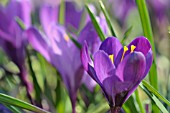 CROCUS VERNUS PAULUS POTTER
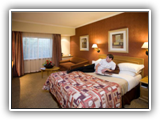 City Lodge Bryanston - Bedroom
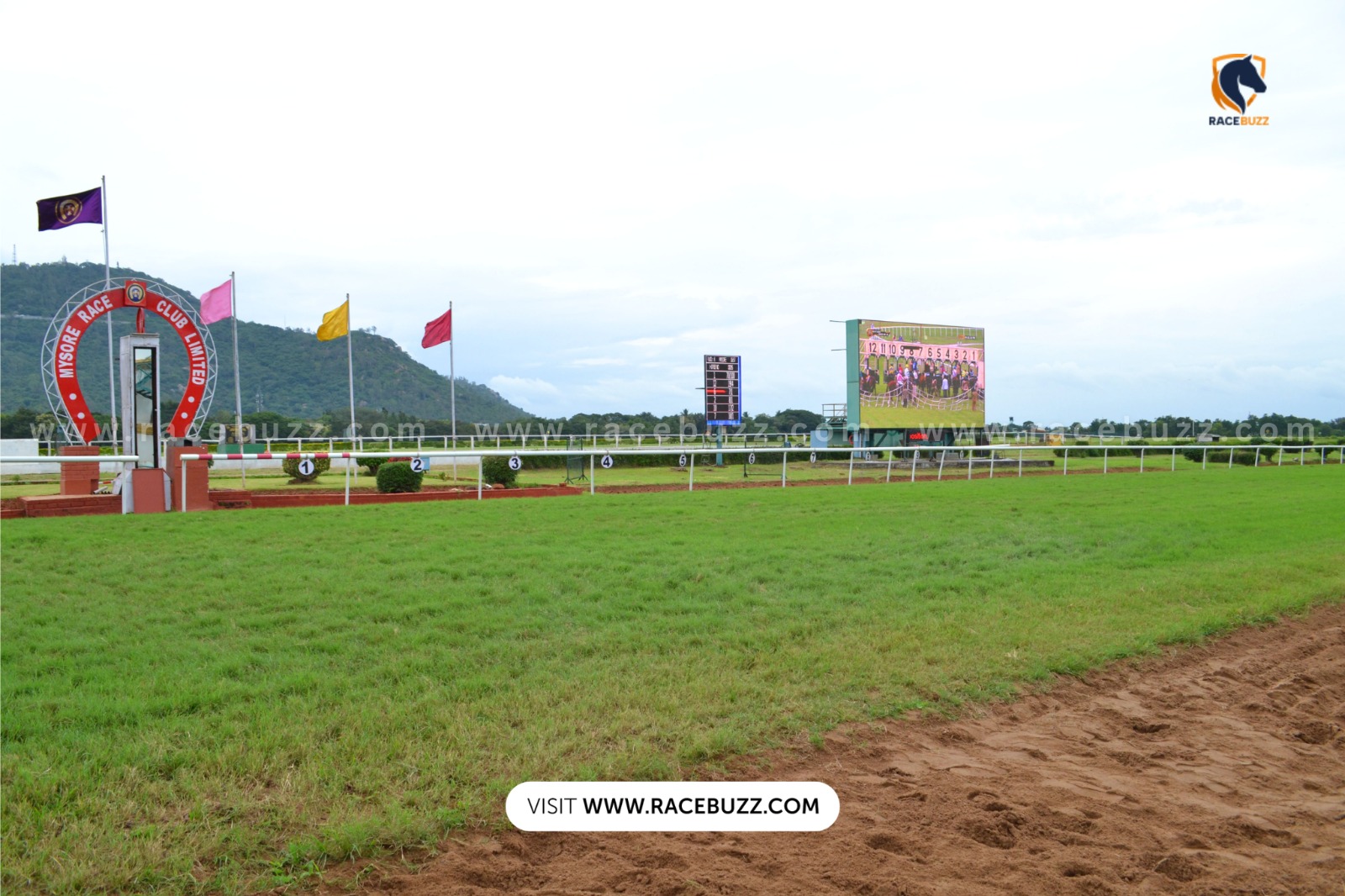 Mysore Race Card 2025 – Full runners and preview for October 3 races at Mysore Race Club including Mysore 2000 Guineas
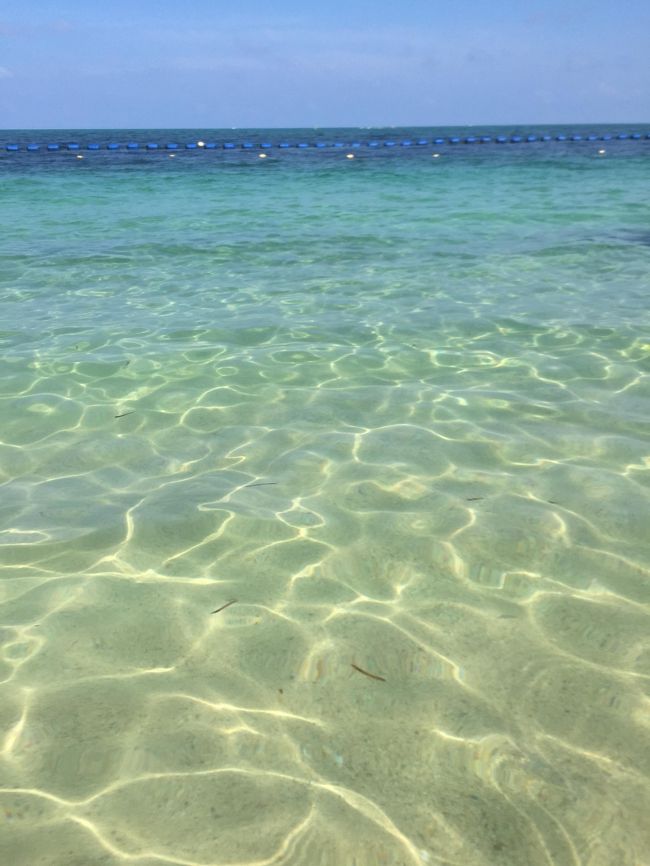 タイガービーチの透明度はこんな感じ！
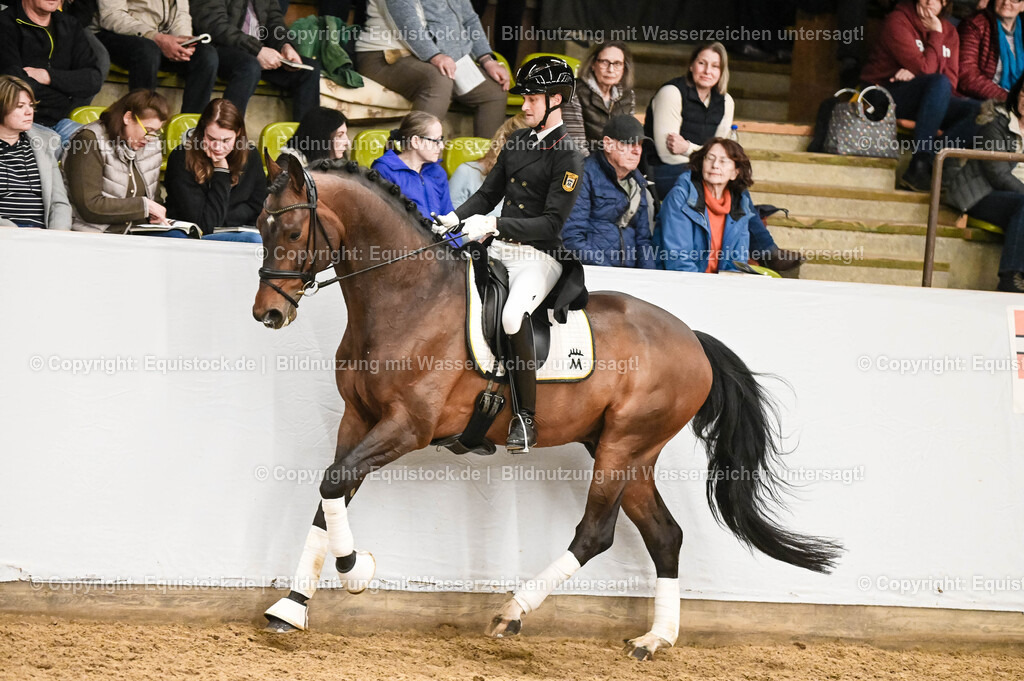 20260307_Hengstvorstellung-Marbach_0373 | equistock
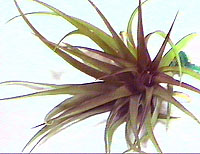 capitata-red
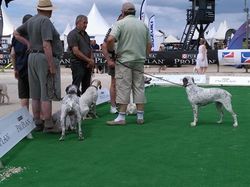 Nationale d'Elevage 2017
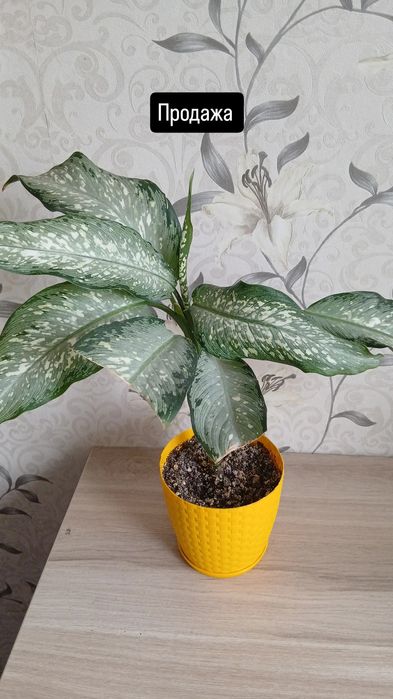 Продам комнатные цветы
---
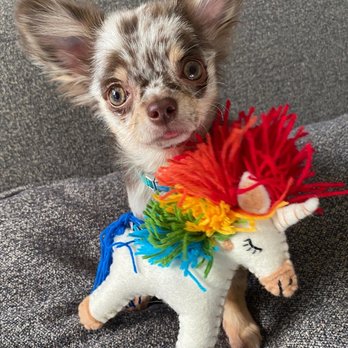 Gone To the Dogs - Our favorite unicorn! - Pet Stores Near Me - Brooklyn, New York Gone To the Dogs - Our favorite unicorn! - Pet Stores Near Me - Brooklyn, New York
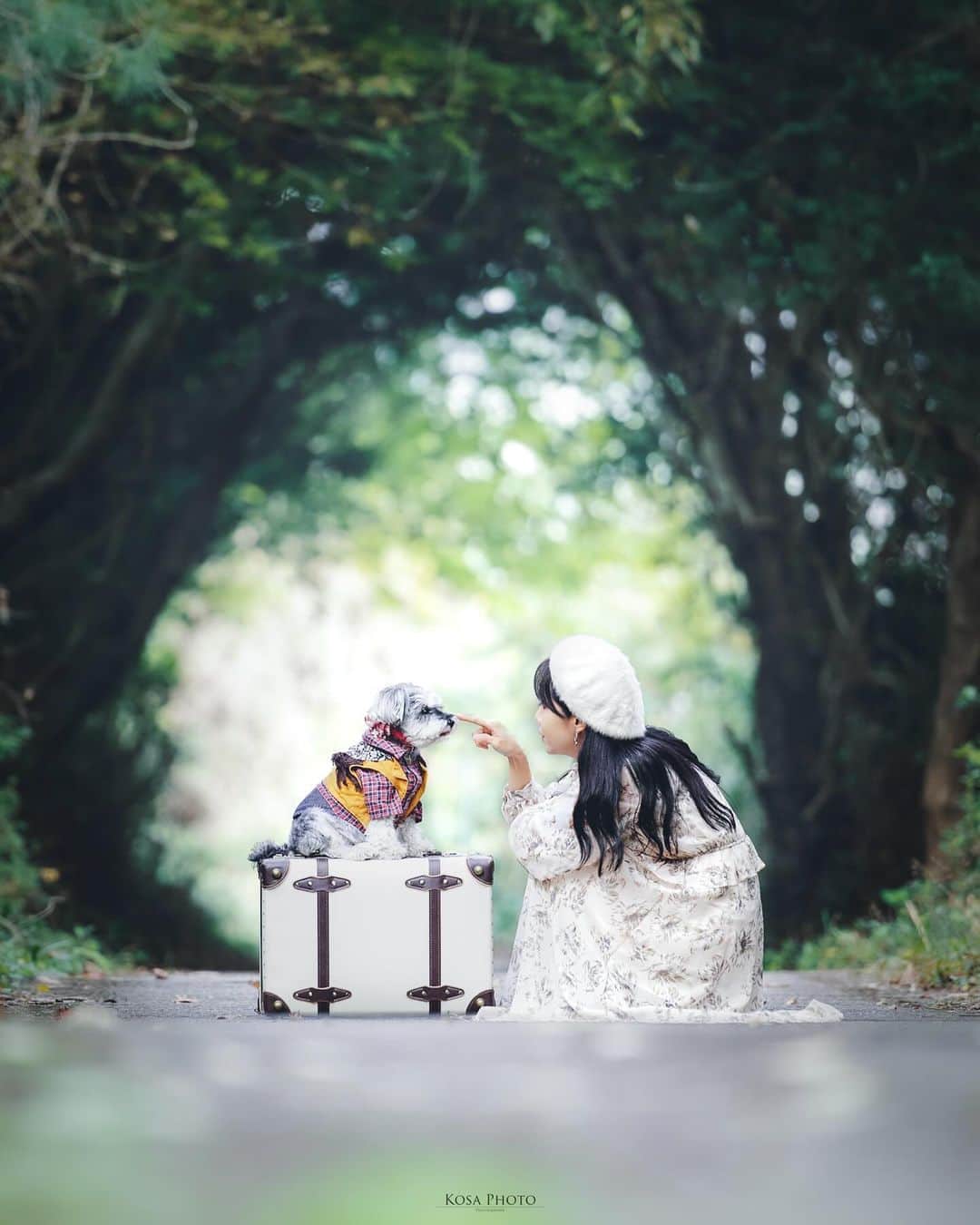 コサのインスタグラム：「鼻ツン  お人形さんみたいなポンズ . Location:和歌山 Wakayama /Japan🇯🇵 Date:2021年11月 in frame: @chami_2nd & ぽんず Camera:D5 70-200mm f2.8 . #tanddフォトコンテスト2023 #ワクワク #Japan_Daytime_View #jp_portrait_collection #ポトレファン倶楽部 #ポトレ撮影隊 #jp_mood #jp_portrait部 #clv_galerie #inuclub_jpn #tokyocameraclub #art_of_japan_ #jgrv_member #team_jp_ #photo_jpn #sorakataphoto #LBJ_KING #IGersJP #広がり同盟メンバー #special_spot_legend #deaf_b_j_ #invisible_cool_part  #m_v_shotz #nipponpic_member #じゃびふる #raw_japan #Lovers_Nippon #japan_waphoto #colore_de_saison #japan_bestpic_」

*WHAT THE TASK REQUIRES*: Look above for the line holding "20260307_Hengstvorstellung-Marbach_0373 | equistock" and output everything from it down to the line holding "Продам комнатные цветы", both ends included, exactly and without images.

*RESPONSE*:
 20260307_Hengstvorstellung-Marbach_0373 | equistock
 capitata-red
 Nationale d'Elevage 2017
 Продам комнатные цветы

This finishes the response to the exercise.